Data Quality Nodetypes

The Coalesce Data Quality Nodetypes Package includes:


DMF

The Coalesce DMF node allows you to to monitor the state and integrity of your data. You can use DMFs to measure key metrics, such as, but not limited to, freshness and counts that measure duplicates, NULLs, rows, and unique values.

You can set a DMF on the following kinds of table objects:

  • Dynamic table
  • Event table
  • External table
  • Apache Iceberg™ table
  • Materialized view
  • Table (Including temporary and transient tables)
  • View

Limitations:

  • You cannot set a DMF on a hybrid table or a stream object.
  • You can only have 10,000 total associations of DMFs on objects per account.

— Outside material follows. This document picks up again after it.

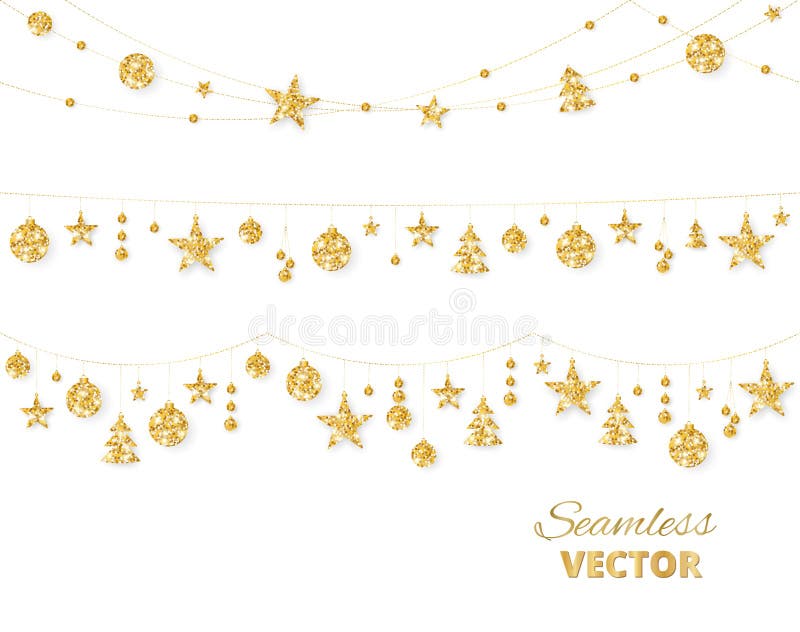 Weihnachtsgoldene Dekoration lokalisiert auf weißem Hintergrund Feiertagsvektorrahmen, Grenze stock abbildung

Each instance of setting a DMF on a table or view counts as one association.
  • You cannot grant privileges on a DMF to share or set a DMF on a shared table or view.
  • Setting a DMF on an object tag is not supported.
  • You cannot set a DMF on objects in a reader account.
  • Trial accounts do not support this feature.

DMF Node Configuration

The Work node type has four configuration groups:

Screenshot 2025-03-31 at 1 30 49 PM

Node Properties

PropertyDescription
Storage LocationStorage Location where the WORK will be created
Node TypeName of template used to create node objects
Deploy EnabledIf TRUE the node will be deployed / redeployed when changes are detected
If FALSE the node will not be deployed or will be dropped during redeployment

Scheduling Options

You can create DMF run schedule to automate the data quality measurements on a table, as:

OptionDescription
Schedule OptionsChoose schedule type:
- Minutes - Specify interval in minutes. Enter a whole number from 1 to 11520 which represents the number of minutes between DMF runs.
- Cron - Uses Cron expressions. Specifies a cron expression and time zone for periodically running the DMF. Supports a subset of standard cron utility syntax.
- TRIGGER_ON_CHANGES - Set the data metric function to run when a general DML operation, such as inserting a new row, modifies the table

Object Level DMFs

Screenshot 2025-03-31 at 1 49 14 PM
PropertyDescription
Add Object Level DMFEnable this to add object level DMF
DMF FunctionSelect the DMF function to use for object

Column Level DMFs

Screenshot 2025-03-31 at 1 52 48 PM
PropertyDescription
Add Column Level DMFEnable this to add object level DMF
DMF FunctionSelect the Column name and DMF function to use

DMF Deployment

DMF Initial Deployment

When deployed for the first time into an environment the DMF node will update the metadata with DMFs.

StageDescription
**Create **This will execute a Alter statement and create a DMF entries in metadata

DMF Redeployment

The subsequent deployment of DMF node with changes in DMFs definition, adding/dropping DMFs results in updating metadata with latest changes.

DMF Undeployment

If a DMF Node is deleted from a Workspace, that Workspace is committed to Git and that commit deployed to a higher level environment then the all the DMFs will be dropped from metadata.


Data Profiling

The Data Profiling node type creates a data profiling table containing details such as the object name, column name, metric function applied, and the corresponding profiling result. It supports operations like count, min, max, avg, and other statistical measures on source table columns. Additionally, this node type allows scheduling, enabling automated and periodic data profiling to maintain data quality and integrity. The Data Profiling node type will create the Data Profiling table with the following fixed column structure: OBJECT_NAME, COLUMN_NAME, FUNCTION_APPLIED, and RESULT. The Coalesce Mapping grid will display the source column list; however, the Data Profiling table created in Snowflake will maintain a fixed column structure.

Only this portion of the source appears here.